# Macrame Crazy



## Nanimal (Dec 14, 2011)

A couple of months ago I became more housebound than outbound because of a decline in health. I decided to learn something new.
Macrame. I never got in on it way back when, but I have discovered some awesome patterns and I've been going to town.
This is my newest one.

It's made with cobalt glass round beads, and 1mm nylon satin cord. the pattern is Rosebud and Beads from the youtube tutorial by Macrame School.


----------



## JYannucci (Nov 29, 2011)

I made and sold Macrame in the 60's. I loved it. Made a lot of guitar straps, and belts. Really a fun craft. Your bracelet is beautiful.


----------



## Nanimal (Dec 14, 2011)

JYannucci said:


> I made and sold Macrame in the 60's. I loved it. Made a lot of guitar straps, and belts. Really a fun craft. Your bracelet is beautiful.
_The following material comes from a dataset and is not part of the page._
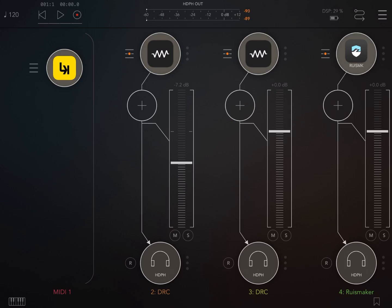So what is LK? LK is a clip launcher but also a MIDI sequencer. It works as a standalone but it also works as AUV3, as you can see here, as an audio unit instance inside AUM.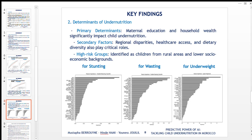For the determinants of undernutrition, we can see that the primary determinant is maternal education and household wealth. As secondary factors, regional disparities and healthcare access play critical roles. Finally, the high-risk groups identified are children from rural areas and low socioeconomic backgrounds.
Thank you. I never got into it back then, but I sure am enjoying it now. I make them to give in contests I host on another site, and also as gifts for family and friends.


----------



## Lady of the Lake (Nov 10, 2011)

I loved it! Taught classes in the local elementary school, made plant hangers (easy!), belts, purses, and almost anything you could think of. Wonderful and great for kids!


----------



## Windmill Knitter (Mar 31, 2012)

Love that bracelet! It's beautiful.


----------



## skinny minnie (Jan 4, 2012)

Beautiful bracelet. Have thought I would like to try, but too many other projects on the go. One day maybe.


----------



## Sharynreed (Nov 29, 2011)

I made a lot of money with it back in the day. Designing pieces for peoples homes. It was a lot of fun!


----------



## Clancy P (Feb 26, 2014)

Where do you find the satin cording?


----------



## Nanimal (Dec 14, 2011)

For Clancy P

My favourite place to get the Satin Cord is Knots&Tangles. for the 1mm up they were shipping for free. They have a lot of colours to choose from, too.

knots&tangles.com


----------



## Nanimal (Dec 14, 2011)

for Lady of the Lake:

That is so awesome. I wish more kids these days would take an interest in crafting. There are kids doing tutorials on youtube for friendship bracelets and stuff like that. I think it's great.


----------



## Nanimal (Dec 14, 2011)

Windmill Knitter said:


> Love that bracelet! It's beautiful.


Thank you! I have made several bracelets but I always revisit this pattern to make. It looks good in any colour.


----------



## Nanimal (Dec 14, 2011)

Sharynreed said:


> I made a lot of money with it back in the day. Designing pieces for peoples homes. It was a lot of fun!


Awesome! I would love to see your work. I'm still a work in progress as far as macrame. So far I've only done bracelets, and one angel.


----------



## Nanimal (Dec 14, 2011)

skinny minnie said:


> Beautiful bracelet. Have thought I would like to try, but too many other projects on the go. One day maybe.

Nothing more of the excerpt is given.